Wiceminister Kościński zaznaczył, że pozytywny wpływ amerykańskiego biznesu na polską gospodarkę jest bezdyskusyjny. – Ostatnie 27 lat to okres intensywnego napływu zagranicznego kapitału, w tym amerykańskiego, ale to już historia. Należy się zastanowić, co dalej. Dotychczasowy model rozwoju powoli się wyczerpuje. Polska gospodarka ma imitacyjny charakter, jest zbyt mało innowacyjna. Zabiegamy o to, aby amerykańskie firmy inwestowały jeszcze więcej, ponieważ ich obecność pomaga przestawić rozwój na tory innowacyjności. Amerykanie stanowią bezcenny element lokalnego ekosystemu biznesowego. Do tej pory wspieraliśmy głównie duże inwestycje, teraz coraz większy nacisk kładziemy na jakość projektów. Inicjatywy, które wyróżniają się w tym obszarze, mają dużo większą szansę, aby otrzymać rządowe wsparcie – przekonywał.
Joanna Cygler, ekspert Instytutu Innowacyjnej Gospodarki, odniosła się do kwestii współpracy pomiędzy polskimi uczelniami i biznesem. – Jeśli chcemy nadal przyciągać amerykańskie inwestycje, musimy dostosować programy kształcenia do wymogów nowoczesnego rynku pracy. Aby dobrze współpracować z Amerykanami, powinniśmy wyróżniać się przedsiębiorczością, obowiązkowością i profesjonalnym podejściem do powierzonych zadań – wyliczała Cygler.
Stronę biznesową w dyskusji reprezentowało kilka amerykańskich przedsiębiorstw. Swoją wizję rozwoju stosunków gospodarczych zaprezentował Sebastian Arana, dyrektor zarządzający 3M Poland, który apelował o dalsze zacieśnianie współpracy i budowę wzajemnego zaufania.
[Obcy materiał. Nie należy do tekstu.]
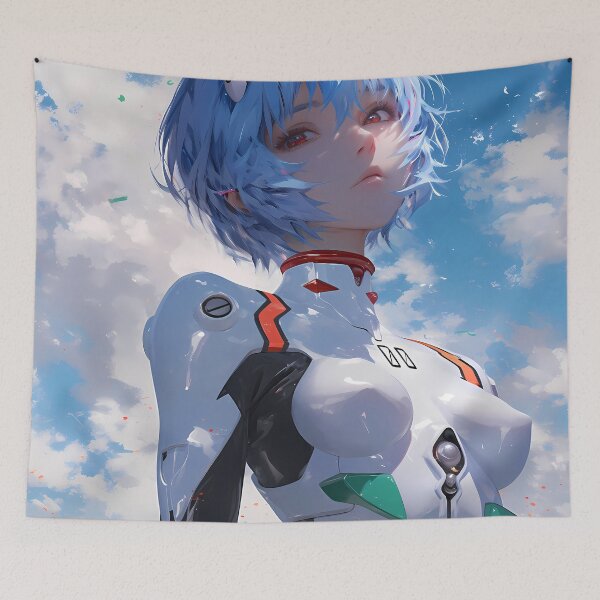 Item preview, Rei Ayanami Neon Genesis Evangelion Anime Serene Plugsuit Icon designed and sold by Spraykart.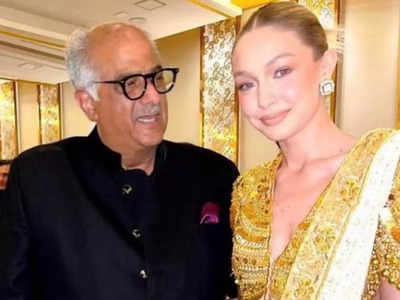 Netizens tag Boney Kapoor as 'tharki' for holding Gigi Hadid by her waist  in the viral picture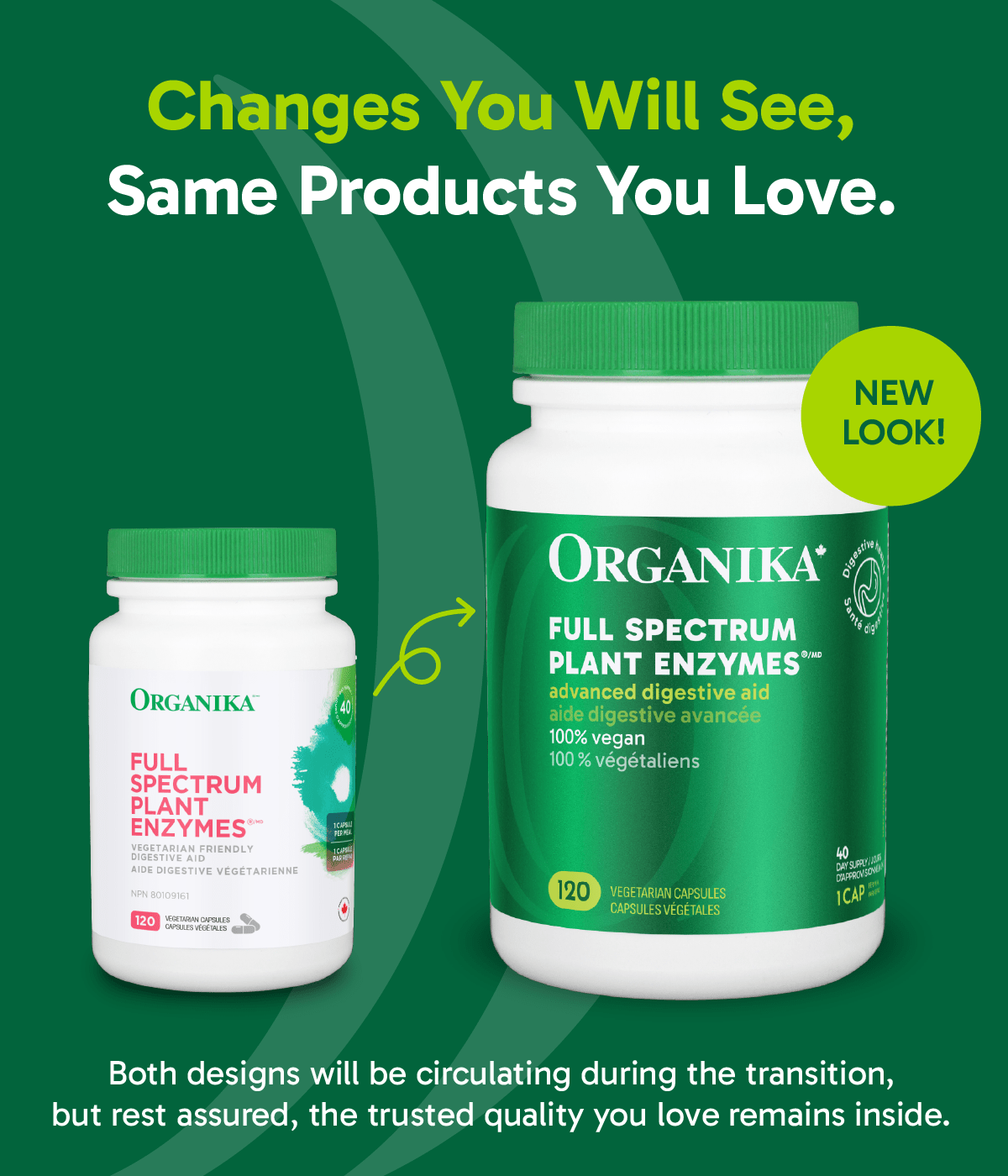 Full Spectrum Plant Enzymes - 120 vcaps - Organika Health Products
Głos zabrał także Pavel Adamovski, dyrektor zarządzający UPS Polska. – Takie firmy jak nasza pomagają w transformacji lokalnej gospodarki, przyczyniając się m.in. do rozwoju standardów pracy. Znam Europę Centralną od podszewki i mogę powiedzieć, że w oczach kapitału Polska jest zazwyczaj atrakcyjniejszym rynkiem niż Czechy, Słowacja czy Węgry – powiedział.